→ SOURCE DATA
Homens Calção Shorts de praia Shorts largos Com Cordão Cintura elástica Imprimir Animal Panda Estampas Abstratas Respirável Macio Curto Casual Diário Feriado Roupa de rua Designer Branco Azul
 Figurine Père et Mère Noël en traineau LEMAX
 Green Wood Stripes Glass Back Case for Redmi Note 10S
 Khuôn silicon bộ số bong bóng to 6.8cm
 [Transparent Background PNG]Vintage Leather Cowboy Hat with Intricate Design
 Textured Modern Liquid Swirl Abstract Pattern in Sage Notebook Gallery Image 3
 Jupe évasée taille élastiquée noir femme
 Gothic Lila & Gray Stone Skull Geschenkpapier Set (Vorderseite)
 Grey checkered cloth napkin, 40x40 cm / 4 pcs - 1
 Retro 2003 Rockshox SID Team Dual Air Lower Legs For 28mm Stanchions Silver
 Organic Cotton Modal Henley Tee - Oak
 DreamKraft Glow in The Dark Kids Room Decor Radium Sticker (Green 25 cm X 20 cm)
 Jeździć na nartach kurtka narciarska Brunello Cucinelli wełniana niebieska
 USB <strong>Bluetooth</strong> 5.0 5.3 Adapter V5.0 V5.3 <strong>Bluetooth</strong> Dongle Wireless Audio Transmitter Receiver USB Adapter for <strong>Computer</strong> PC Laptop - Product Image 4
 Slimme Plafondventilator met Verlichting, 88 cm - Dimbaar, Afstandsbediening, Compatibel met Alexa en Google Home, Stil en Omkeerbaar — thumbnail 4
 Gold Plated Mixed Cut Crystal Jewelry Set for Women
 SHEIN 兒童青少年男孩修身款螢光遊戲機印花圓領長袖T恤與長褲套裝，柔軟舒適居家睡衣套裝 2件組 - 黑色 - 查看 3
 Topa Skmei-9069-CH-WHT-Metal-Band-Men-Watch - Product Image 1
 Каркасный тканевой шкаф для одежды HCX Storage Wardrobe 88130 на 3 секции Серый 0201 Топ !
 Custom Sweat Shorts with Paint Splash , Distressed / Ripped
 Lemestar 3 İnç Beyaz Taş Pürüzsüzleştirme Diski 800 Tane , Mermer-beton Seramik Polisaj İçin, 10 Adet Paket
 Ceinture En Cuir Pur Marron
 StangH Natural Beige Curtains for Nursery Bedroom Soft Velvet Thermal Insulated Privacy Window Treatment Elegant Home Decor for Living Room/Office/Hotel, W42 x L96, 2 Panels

→ PROMPT
A complete, exact copy of the material above is the expected answer.

→ EXERCISE RESULT
Homens Calção Shorts de praia Shorts largos Com Cordão Cintura elástica Imprimir Animal Panda Estampas Abstratas Respirável Macio Curto Casual Diário Feriado Roupa de rua Designer Branco Azul
 Figurine Père et Mère Noël en traineau LEMAX
 Green Wood Stripes Glass Back Case for Redmi Note 10S
 Khuôn silicon bộ số bong bóng to 6.8cm
 [Transparent Background PNG]Vintage Leather Cowboy Hat with Intricate Design
 Textured Modern Liquid Swirl Abstract Pattern in Sage Notebook Gallery Image 3
 Jupe évasée taille élastiquée noir femme
 Gothic Lila & Gray Stone Skull Geschenkpapier Set (Vorderseite)
 Grey checkered cloth napkin, 40x40 cm / 4 pcs - 1
 Retro 2003 Rockshox SID Team Dual Air Lower Legs For 28mm Stanchions Silver
 Organic Cotton Modal Henley Tee - Oak
 DreamKraft Glow in The Dark Kids Room Decor Radium Sticker (Green 25 cm X 20 cm)
 Jeździć na nartach kurtka narciarska Brunello Cucinelli wełniana niebieska
 USB <strong>Bluetooth</strong> 5.0 5.3 Adapter V5.0 V5.3 <strong>Bluetooth</strong> Dongle Wireless Audio Transmitter Receiver USB Adapter for <strong>Computer</strong> PC Laptop - Product Image 4
 Slimme Plafondventilator met Verlichting, 88 cm - Dimbaar, Afstandsbediening, Compatibel met Alexa en Google Home, Stil en Omkeerbaar — thumbnail 4
 Gold Plated Mixed Cut Crystal Jewelry Set for Women
 SHEIN 兒童青少年男孩修身款螢光遊戲機印花圓領長袖T恤與長褲套裝，柔軟舒適居家睡衣套裝 2件組 - 黑色 - 查看 3
 Topa Skmei-9069-CH-WHT-Metal-Band-Men-Watch - Product Image 1
 Каркасный тканевой шкаф для одежды HCX Storage Wardrobe 88130 на 3 секции Серый 0201 Топ !
 Custom Sweat Shorts with Paint Splash , Distressed / Ripped
 Lemestar 3 İnç Beyaz Taş Pürüzsüzleştirme Diski 800 Tane , Mermer-beton Seramik Polisaj İçin, 10 Adet Paket
 Ceinture En Cuir Pur Marron
 StangH Natural Beige Curtains for Nursery Bedroom Soft Velvet Thermal Insulated Privacy Window Treatment Elegant Home Decor for Living Room/Office/Hotel, W42 x L96, 2 Panels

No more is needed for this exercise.